• [Task goal]:
Scan the entries below and extract each line with the word "tree" in it.

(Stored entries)
[Start of Attachment]

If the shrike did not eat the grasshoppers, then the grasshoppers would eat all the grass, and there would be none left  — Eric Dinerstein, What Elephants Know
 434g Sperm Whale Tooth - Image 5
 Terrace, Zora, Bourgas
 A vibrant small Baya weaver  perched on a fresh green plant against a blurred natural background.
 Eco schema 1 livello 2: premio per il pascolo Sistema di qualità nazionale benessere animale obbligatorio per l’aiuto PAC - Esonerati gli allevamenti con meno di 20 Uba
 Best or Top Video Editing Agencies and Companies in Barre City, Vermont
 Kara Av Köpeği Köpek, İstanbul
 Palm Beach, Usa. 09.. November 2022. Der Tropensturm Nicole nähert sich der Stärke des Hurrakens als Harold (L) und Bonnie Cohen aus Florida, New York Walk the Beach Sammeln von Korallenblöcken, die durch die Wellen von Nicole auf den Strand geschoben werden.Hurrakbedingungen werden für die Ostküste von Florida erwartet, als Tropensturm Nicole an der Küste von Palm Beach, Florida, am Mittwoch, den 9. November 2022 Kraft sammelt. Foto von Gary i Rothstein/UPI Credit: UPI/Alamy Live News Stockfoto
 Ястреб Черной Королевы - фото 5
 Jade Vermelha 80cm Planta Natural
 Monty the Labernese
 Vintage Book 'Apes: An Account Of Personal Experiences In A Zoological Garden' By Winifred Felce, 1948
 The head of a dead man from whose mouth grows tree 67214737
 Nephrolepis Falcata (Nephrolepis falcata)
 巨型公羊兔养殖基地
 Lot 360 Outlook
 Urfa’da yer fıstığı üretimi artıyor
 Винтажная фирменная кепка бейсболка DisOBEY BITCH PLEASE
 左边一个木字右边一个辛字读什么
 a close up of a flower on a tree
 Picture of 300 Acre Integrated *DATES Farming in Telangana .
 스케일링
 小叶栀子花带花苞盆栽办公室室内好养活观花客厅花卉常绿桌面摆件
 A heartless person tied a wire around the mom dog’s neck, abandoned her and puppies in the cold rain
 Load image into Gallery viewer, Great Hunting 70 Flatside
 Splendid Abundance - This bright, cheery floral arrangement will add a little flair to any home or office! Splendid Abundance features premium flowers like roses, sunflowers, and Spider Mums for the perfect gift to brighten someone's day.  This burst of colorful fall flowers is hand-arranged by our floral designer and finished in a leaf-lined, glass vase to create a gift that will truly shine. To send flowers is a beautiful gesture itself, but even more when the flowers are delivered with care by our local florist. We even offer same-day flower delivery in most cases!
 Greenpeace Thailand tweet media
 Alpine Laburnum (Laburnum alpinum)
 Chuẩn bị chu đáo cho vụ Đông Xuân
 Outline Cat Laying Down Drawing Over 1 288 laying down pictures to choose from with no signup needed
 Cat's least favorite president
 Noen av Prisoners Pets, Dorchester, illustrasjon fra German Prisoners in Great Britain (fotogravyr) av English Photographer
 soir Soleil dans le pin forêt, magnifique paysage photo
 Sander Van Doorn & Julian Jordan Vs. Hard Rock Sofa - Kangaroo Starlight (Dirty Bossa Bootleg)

[End of Attachment]

• [Solution for this task]:
 The head of a dead man from whose mouth grows tree 67214737
 a close up of a flower on a tree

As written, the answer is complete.